:: INPUT MATERIAL
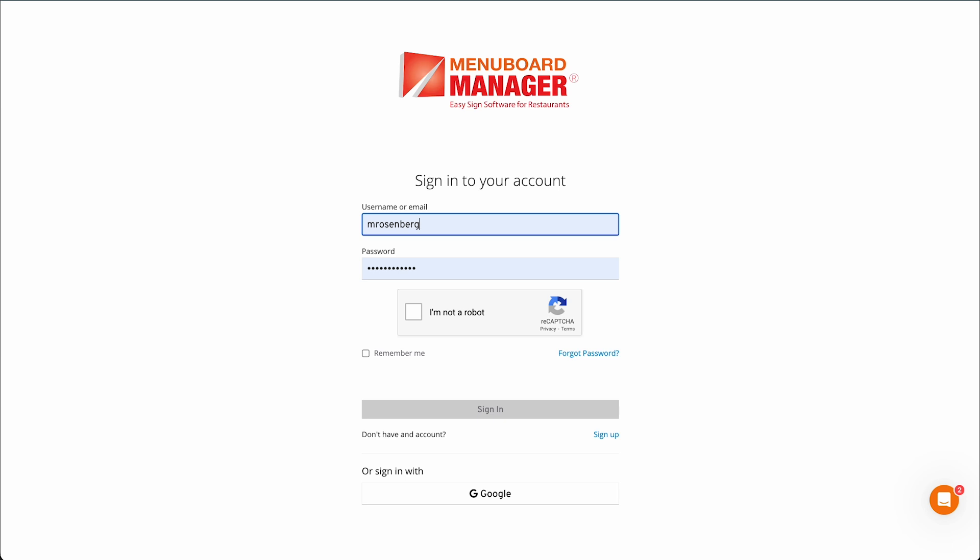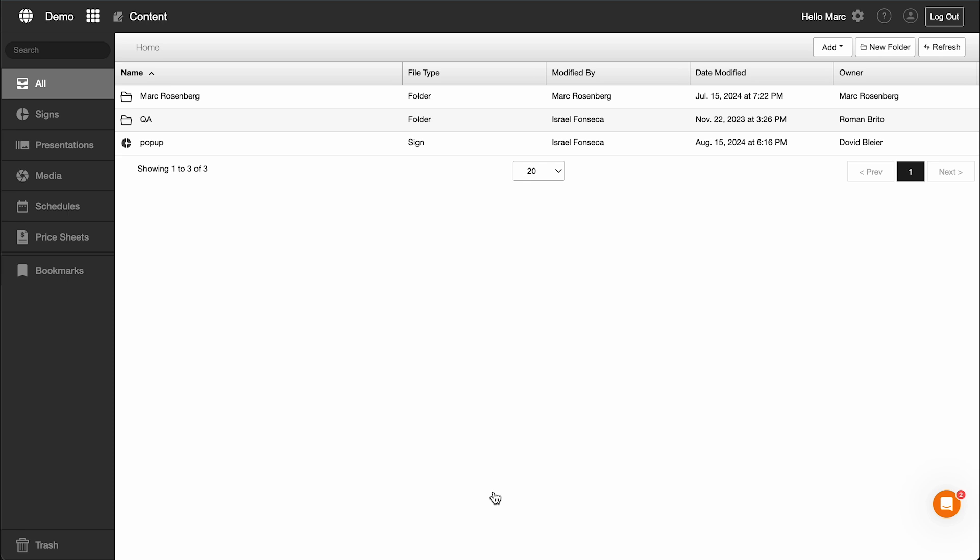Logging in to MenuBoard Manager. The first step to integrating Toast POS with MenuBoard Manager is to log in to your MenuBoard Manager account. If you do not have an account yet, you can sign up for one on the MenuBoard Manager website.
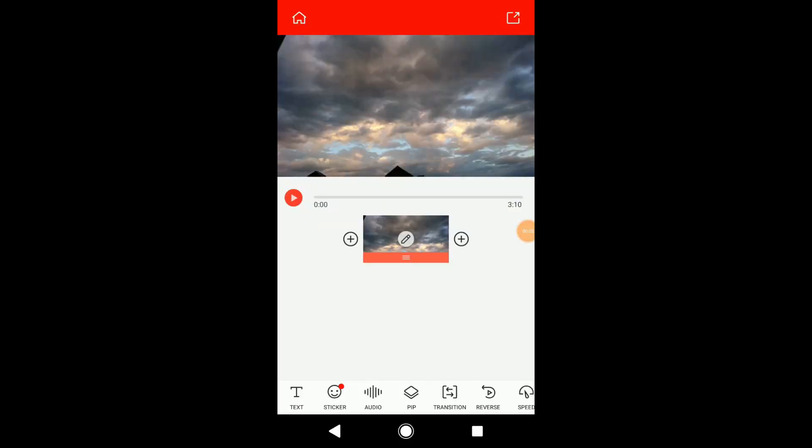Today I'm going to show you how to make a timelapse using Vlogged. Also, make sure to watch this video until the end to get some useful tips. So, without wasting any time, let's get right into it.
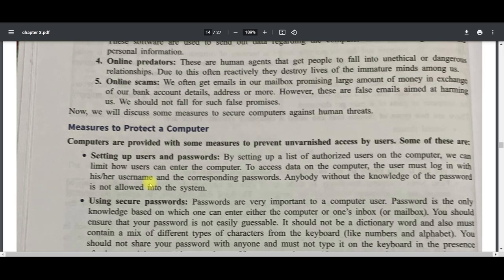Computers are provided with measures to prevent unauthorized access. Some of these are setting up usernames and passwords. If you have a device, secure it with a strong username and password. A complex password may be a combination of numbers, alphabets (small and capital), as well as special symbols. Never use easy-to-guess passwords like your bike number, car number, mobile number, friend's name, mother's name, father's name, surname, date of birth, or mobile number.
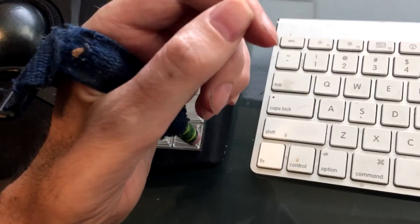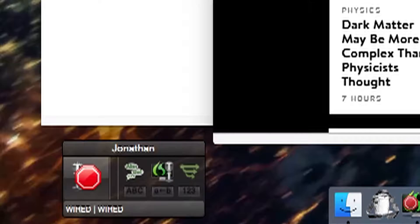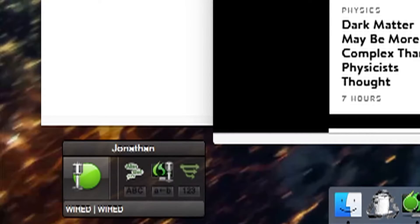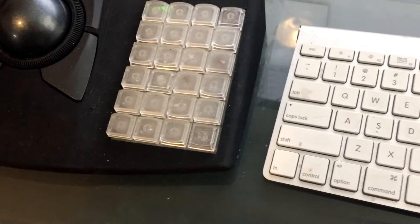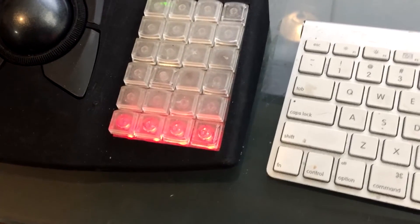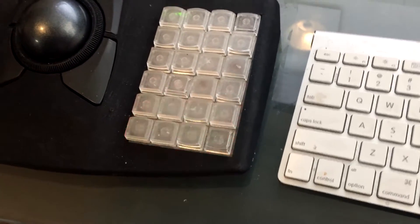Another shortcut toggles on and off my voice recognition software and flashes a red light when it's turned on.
::::
:: INPUT MATERIAL
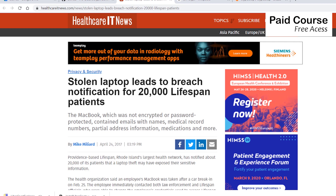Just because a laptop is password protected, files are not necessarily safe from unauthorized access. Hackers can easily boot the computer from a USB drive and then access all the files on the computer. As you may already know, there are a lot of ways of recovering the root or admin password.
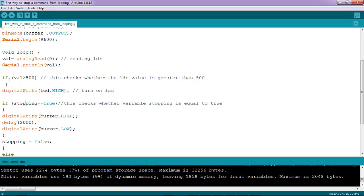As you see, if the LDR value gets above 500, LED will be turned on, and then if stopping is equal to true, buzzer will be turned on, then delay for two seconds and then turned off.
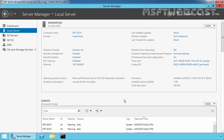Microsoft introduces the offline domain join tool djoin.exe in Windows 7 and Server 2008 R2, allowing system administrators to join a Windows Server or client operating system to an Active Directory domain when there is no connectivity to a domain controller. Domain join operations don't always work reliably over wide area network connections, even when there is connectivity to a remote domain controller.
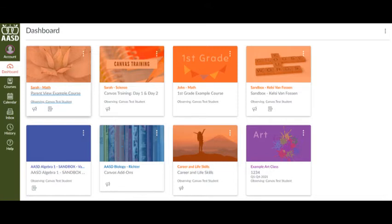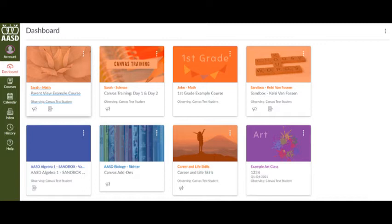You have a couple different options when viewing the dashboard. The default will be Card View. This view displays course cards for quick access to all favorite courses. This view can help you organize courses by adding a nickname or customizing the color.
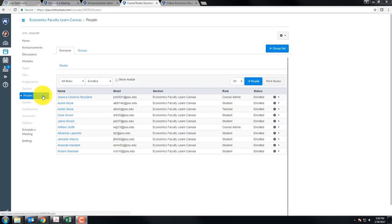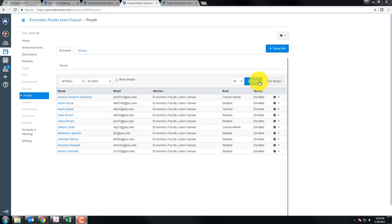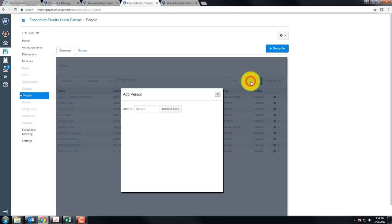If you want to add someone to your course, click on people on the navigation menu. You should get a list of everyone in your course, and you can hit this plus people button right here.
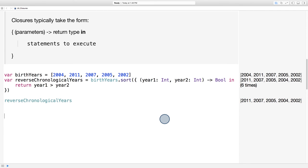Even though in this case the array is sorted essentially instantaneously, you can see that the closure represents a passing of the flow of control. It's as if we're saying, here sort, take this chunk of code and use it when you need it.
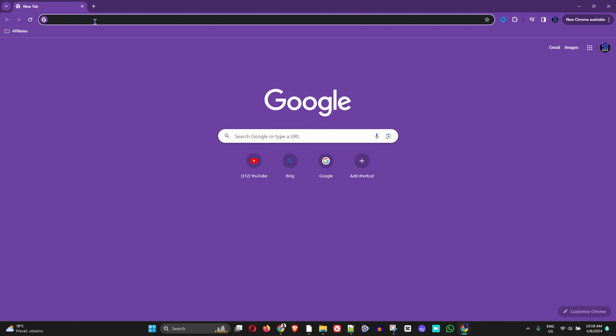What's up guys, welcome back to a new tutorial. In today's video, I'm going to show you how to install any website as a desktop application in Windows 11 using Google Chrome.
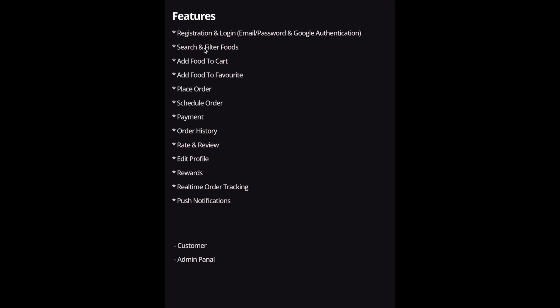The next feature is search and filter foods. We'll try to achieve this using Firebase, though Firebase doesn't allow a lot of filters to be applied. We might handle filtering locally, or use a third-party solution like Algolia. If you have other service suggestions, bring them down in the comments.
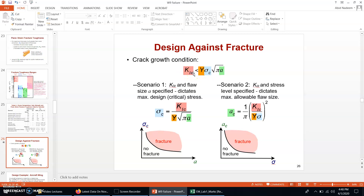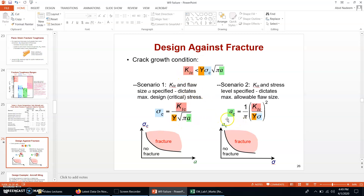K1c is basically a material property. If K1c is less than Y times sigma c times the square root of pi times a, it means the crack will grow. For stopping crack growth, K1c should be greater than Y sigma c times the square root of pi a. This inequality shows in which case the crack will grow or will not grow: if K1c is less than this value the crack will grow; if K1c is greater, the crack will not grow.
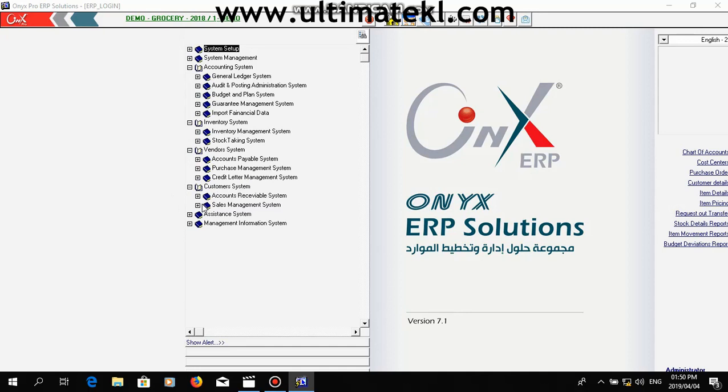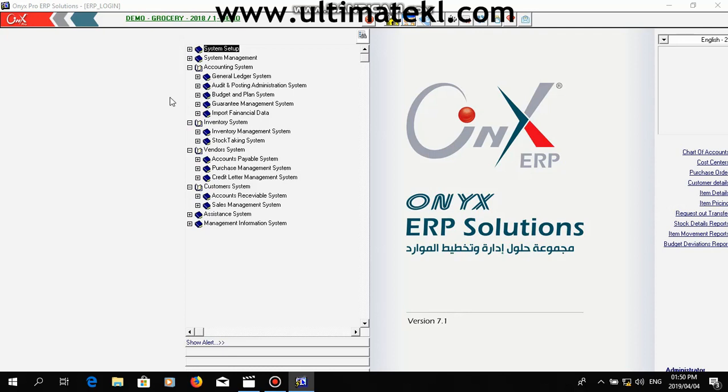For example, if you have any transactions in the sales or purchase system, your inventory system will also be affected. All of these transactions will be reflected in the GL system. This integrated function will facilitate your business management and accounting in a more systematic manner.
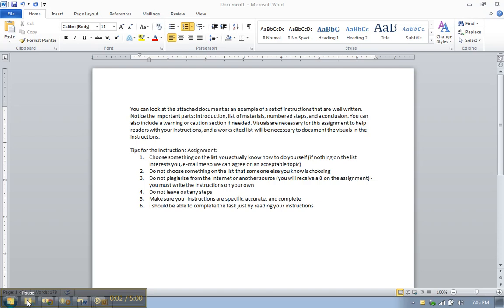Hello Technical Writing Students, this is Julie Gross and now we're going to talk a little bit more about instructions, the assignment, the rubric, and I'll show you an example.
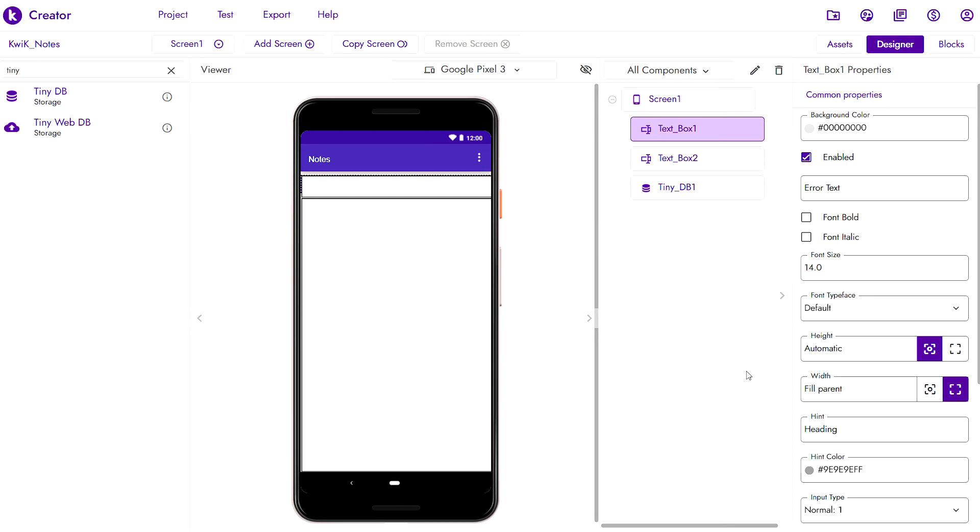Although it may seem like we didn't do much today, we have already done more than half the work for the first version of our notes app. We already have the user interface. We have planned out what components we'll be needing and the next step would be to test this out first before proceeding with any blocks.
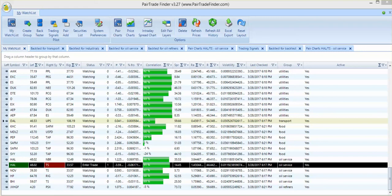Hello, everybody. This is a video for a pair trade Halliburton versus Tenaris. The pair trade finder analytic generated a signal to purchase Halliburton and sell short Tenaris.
::::
ASSIGNMENT:
For the entries above, print exactly the lines between the one with "What's up guys, welcome" and the one with "Hello, everybody. This", inclusive, with no pictures.

OUTPUT BELOW:
What's up guys, welcome back to a new tutorial. In today's video, I'm going to show you how to install any website as a desktop application in Windows 11 using Google Chrome.
The next feature is search and filter foods. We'll try to achieve this using Firebase, though Firebase doesn't allow a lot of filters to be applied. We might handle filtering locally, or use a third-party solution like Algolia. If you have other service suggestions, bring them down in the comments.
K1c is basically a material property. If K1c is less than Y times sigma c times the square root of pi times a, it means the crack will grow. For stopping crack growth, K1c should be greater than Y sigma c times the square root of pi a. This inequality shows in which case the crack will grow or will not grow: if K1c is less than this value the crack will grow; if K1c is greater, the crack will not grow.
For example, if you have any transactions in the sales or purchase system, your inventory system will also be affected. All of these transactions will be reflected in the GL system. This integrated function will facilitate your business management and accounting in a more systematic manner.
Hello Technical Writing Students, this is Julie Gross and now we're going to talk a little bit more about instructions, the assignment, the rubric, and I'll show you an example.
Although it may seem like we didn't do much today, we have already done more than half the work for the first version of our notes app. We already have the user interface. We have planned out what components we'll be needing and the next step would be to test this out first before proceeding with any blocks.
Hello, everybody. This is a video for a pair trade Halliburton versus Tenaris. The pair trade finder analytic generated a signal to purchase Halliburton and sell short Tenaris.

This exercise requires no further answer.